The left Hand of Darkness - Ursula K. Le Guin Ursula i Need to know your thoughts on omegaver- [gunshot] THAT ASIDE yeah. mrs Le Guin you've done it again. I can see why everyone got their brain chemistry altered by this book.
The Membranes - Chi Ta-Wei another brain chemistry altering book. would love to discuss it with a gender studies major lmao
Satanic Verses - Salman Rushdie its a v atmospheric and poignant story, I know I would have loved it more if I was familiar with the rich religious/cultural background it draws from
The Masquerade Series - Seth Dickinson Crazy insane in the membrane about this series. one of the most compelling worldbuildings I've ever seen, and most importantly it features one of the most crazy wet pathetic scrunkly meow meow protagonists i've ever had the pleasure of reading about.
Middlesex - Jeffrey Eugenides i liked the writing style of this book a lot! idk how well it holds up re: intersexuality topic, but its a very engaging read.
Dead Blondes and Bad Mothers: Monstrosity, Patriarchy, and the Fear of Female Power - Jude Ellison, Sady Doyle The title says it all honestly, its a beautiful, thought provoking and engaging essay, spanning eras, pop culture phenomenons, and real life events on the topic of women and horror.
The cat who saved books - Sōsuke Natsukawa this was so cute and heartfelt, it will really make you go Ah Yes, this is Why we Love Books <333
The Locked Tomb Series - Tamsyn Muir now when people say there is a girl who is the cursed sacrifice of 2000 infants who falls in love with the sleeping embodiment of the soul of the Earth (barbie) and also another girl who is the only survivor of the aforementioned sacrifice and is. a Jesus metaphor? and also the two girls become one at some point. and every book is a different genre. and god is bisexual. and memes survived the nuclear apocalypse. I can just nod and say so true.

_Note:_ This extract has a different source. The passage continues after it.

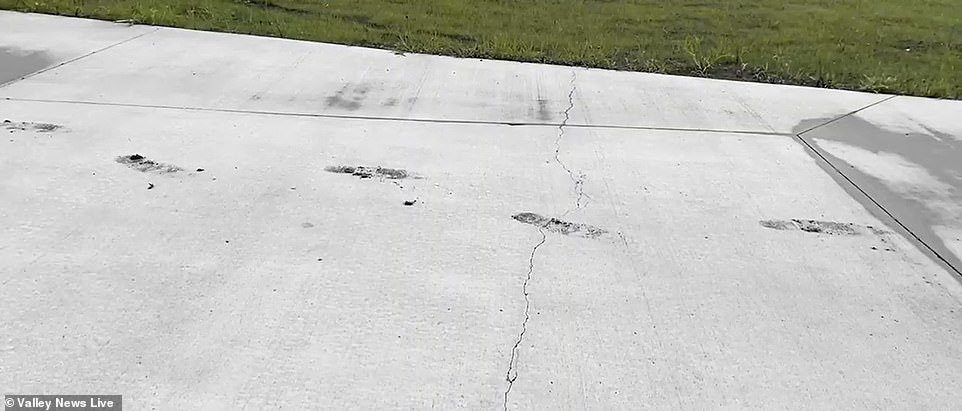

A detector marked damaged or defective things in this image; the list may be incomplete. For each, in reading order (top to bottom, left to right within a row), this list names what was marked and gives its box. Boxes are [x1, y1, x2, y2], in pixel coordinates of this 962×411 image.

The Area X Trilogy - Jeff VanderMeer Rotating this series in the microwave of my mind at the speed of light it's soSO GOOD!! the movie doesn't even come close honestly u NEED to read the books. and then go touch grass and be aware of every strand in a completely new way.
The Dawn of Yangchen - F. C. Yee nice read! I was more invested in the worldbuilding crumbs than in the actual story lmao, I will forever think about the HEATED airball rivalry between the air temples and about the swt greetings / bethrotal armbands.
Inuit Stories of Being and Rebirth: Gender, Shamanism, and the Third Sex - Bernard Saladin d'Anglure starting w a disclaimer bc I feel like the topic of native colonization was ignored when it should have been way more prominent when talking about the context of where and when these testimonies were collected?? That aside it was very interesting and well put together, with first account testimonies of Inuit elders about their myths, lifestyles and beliefs.
Pachinko - Min Jin Lee i read the book after having seen the tv series (which i also rlly recommend). Very moving story about a family and its generations, from Korea under Japanese colonization to modern day America.
Her body and other parties - Carmen Maria Marchado sometimes I go about my day then I remember this book exists and stare at the wall for 30 minutes.
Dictionnaire de l'impossible - Didier Van Cauwelaert big miss. this collection of articles about "strange impossible phenomenons" sounded so quirky and interesting but i sure would have loved if the author hadnt so clearly picked a side. and also way too much church for my tastes.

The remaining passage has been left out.